Opinion piece by Thomas Scheel, partner at Vilhelm Lauritzen Architects. Published in Politiken BYRUM on 4 October 2018.

Krøyers Plads – for many years Copenhagen’s enfant terrible for developers, architects and the municipality, but in my opinion also one of the best recent examples of the difference citizen involvement can make. And yes, it is a difficult discipline, but as the Director of the Danish Town Planning Institute pointed out on 11 September, it can be the difference between success and failure.

Unfortunately, citizen involvement often ends up as a practice focused more on avoiding opposition than creating value and quality.

In 2003, one of the first development attempts for Krøyers Plads began with a large-scale architectural competition, but the winning proposal for 55-metre high-rises met with such massive protests that the City of Copenhagen rejected the local plan in 2005.

History repeated itself with a new architectural proposal in 2006, where yet another project met the same fate.

In the wake of the financial crisis, NCC acquired the site in 2010 and wanted to give the area another chance. They contacted us, Vilhelm Lauritzen Architects, but this time with a desire for a radically different process anchored in the local community, the municipality, and politicians. That was the starting point that made us say yes to a project that, on paper, seemed destined for headwinds.

Together with GHB Landscape Architects, NCC, the City of Copenhagen and the City Architect, we created a process plan aimed at producing a new local plan with support from all stakeholders, especially the residents of Christianshavn.

Not information meetings in disguise

The solution was three open, public workshops in Christianshavn, each with its own theme: City Life, Urban Spaces, and Buildings.
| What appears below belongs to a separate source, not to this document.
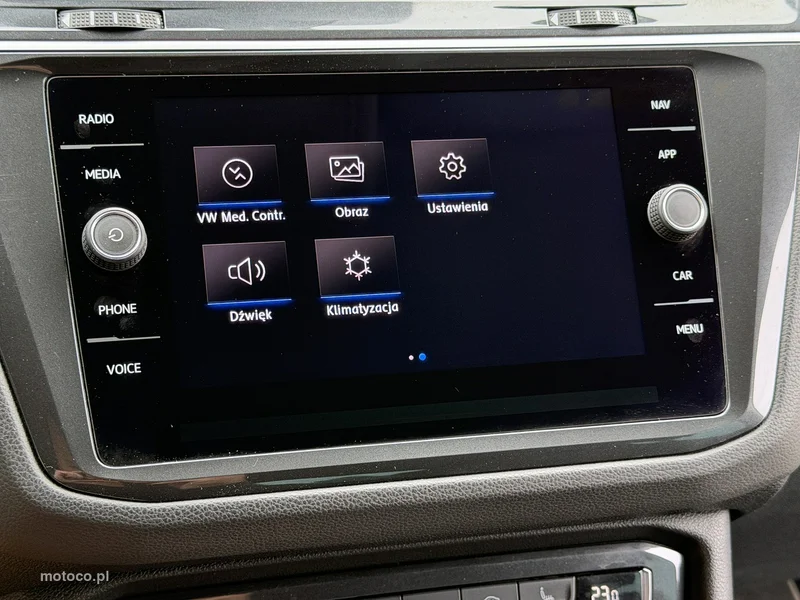 Volkswagen Tiguan AD 65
The premise was that these should not be information meetings in disguise, but genuine workshops with facilitated group tasks, where all suggestions were recorded and worked on – but with a clear message that no promises were being made.

It quickly became clear that most attendees were not opposed to developing the site, but had clear views on the type of development and, in particular, its content.

The purpose of the first workshop, City Life, was to map residents’ wishes for the type of urban life. We were very aware that the project’s development had led to the closure of the popular street food venue Luftkastellet, and that residents had, in effect, lost an active social space. We therefore communicated that we wanted to try to create the basis for new urban life at Krøyers Plads.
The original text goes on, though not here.